Tool of Thought

APL for the Practical Man

LeetCode 601: Human Traffic of Stadium

July 9, 2022

In this strangely titled LeetCode problem , we are given the following table:

           t.Display 0
── LeetCode601.Numbers ─────────
 ┌ID──┐  ┌VisitDate─┐  ┌People┐ 
 ↓1   │  ↓2017-01-01│  ↓10    │ 
 │2   │  │2017-01-02│  │109   │ 
 │3   │  │2017-01-03│  │150   │ 
 │4   │  │2017-01-04│  │99    │ 
 │5   │  │2017-01-05│  │145   │ 
 │6   │  │2017-01-06│  │1,455 │ 
 │7   │  │2017-01-07│  │199   │ 
 │8   │  │2017-01-09│  │188   │ 
 └Int8┘  └Date──────┘  └Int16─┘ 
── 8 rows by 3 columns ─────────

        

And informed that:

VisitDate is the primary key for this table. Each row of this table contains the visit date and visit id to the stadium with the number of people during the visit. No two rows will have the same VisitDate, and as the ID increases, the dates increase as well.

And then charged with:

Write an SQL query to display the records with three or more rows with consecutive id's, and the number of people is greater than or equal to 100 for each. Return the result table ordered by VisitDate in ascending order.

Let's take a look at how to the solve this in APL, and then translate to a FlipDB solution.
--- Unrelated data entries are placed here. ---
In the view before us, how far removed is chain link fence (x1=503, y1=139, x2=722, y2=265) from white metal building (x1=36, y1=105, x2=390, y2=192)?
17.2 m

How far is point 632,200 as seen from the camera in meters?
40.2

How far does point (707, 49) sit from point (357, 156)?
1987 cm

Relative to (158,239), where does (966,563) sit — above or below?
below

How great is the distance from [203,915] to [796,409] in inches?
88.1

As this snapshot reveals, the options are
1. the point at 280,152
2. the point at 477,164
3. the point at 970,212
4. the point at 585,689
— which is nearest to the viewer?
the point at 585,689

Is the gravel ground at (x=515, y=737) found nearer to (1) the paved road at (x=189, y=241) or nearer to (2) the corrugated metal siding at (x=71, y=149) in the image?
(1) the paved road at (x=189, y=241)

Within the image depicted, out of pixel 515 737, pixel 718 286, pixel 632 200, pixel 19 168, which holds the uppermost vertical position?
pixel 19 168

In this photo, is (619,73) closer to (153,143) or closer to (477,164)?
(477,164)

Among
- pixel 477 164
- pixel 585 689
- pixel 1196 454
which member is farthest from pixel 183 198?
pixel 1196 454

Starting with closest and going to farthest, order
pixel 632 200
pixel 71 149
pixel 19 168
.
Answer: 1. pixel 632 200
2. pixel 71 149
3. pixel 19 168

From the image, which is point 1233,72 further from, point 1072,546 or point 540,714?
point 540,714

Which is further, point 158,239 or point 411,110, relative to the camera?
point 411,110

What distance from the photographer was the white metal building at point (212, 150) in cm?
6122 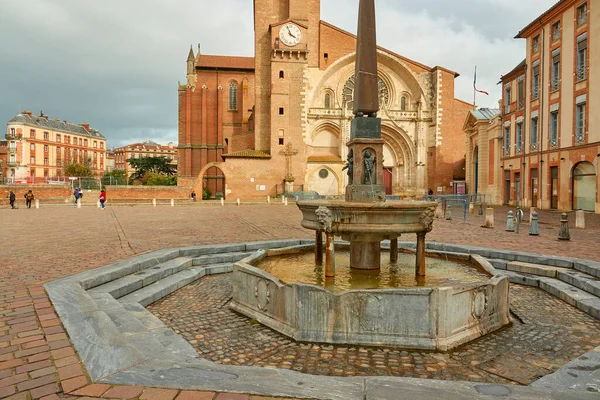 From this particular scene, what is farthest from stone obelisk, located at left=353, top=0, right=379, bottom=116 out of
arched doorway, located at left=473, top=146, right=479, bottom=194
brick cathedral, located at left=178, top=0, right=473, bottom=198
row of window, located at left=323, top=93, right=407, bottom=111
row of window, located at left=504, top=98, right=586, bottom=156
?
row of window, located at left=323, top=93, right=407, bottom=111

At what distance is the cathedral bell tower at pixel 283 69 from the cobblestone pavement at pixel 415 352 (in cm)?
3389

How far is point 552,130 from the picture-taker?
25469 millimetres

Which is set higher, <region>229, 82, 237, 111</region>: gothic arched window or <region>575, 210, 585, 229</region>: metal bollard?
<region>229, 82, 237, 111</region>: gothic arched window

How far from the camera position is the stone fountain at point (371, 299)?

First some variables:

                i←1+⍳8
      p←10 109 150 99 145 1455 199 188 

        

Note that the visit date adds nothing of interest to this problem. Also note we assume, for now, the IDs are already in ascending order. Selecting out IDs where the number of People is greater than 100:

                j←(p>100)/i
      j
2 3 5 6 7 8

        

This yields non-consecutive IDs, which is the heart of the problem. We now need to identify runs of non-consecutive IDs, which is easy using the rank idiom ( ⍋⍋ ):

                j-⍋⍋j
2 2 3 3 3 3 

        

We might reach for pair-wise reduction here instead, to find where the IDs increase by more than one, but that leads to a more complicated solution. Now partition or group the IDs by their runs:

               g←(j-⍋⍋j)⊆j 
     g
┌───┬───────┐
│2 3│5 6 7 8│
└───┴───────┘

        

And finally, get a simple vector of all IDs that exist in groups of 3 or more:

                 k←∊(3≤≢¨g)/g
       k
5 6 7 8 

        

A boolean where clause to apply to the original table is then:

                i∊k
0 0 0 0 1 1 1 1

        

And we are pretty much done. We can write this as a one-liner using a couple of dfns if we want an expression that maps to a single FlipDB where statement:

                i∊∊{(2<≢¨⍵)/⍵}{(⍵-⍋⍋⍵)⊆⍵}(p>100)/i
0 0 0 0 1 1 1 1

        

Now we can almost transliterate into FlipDB:

                ID in {z where 2 < count z} {(z-rankUp z) partition z} ID where People > 100

        

Note that the where appearing twice above is not a where clause, which is the entire statement, but the where function - a FlipDB structural function. Of course in FlipDB we might break the problem down a bit, and define some computed values first in our query, and we should probably sort the IDs to ensure ascending order:

Name Expression
Over100 sortUp ID where People > 100
Groups {(z - rankUp z) partition z} Over100
Threes Groups where 2 < count Groups

and then write a simple where statement:

                ID in Threes

        

This keeps it clean, simple, and usefully traceable in the FlipDB tracer.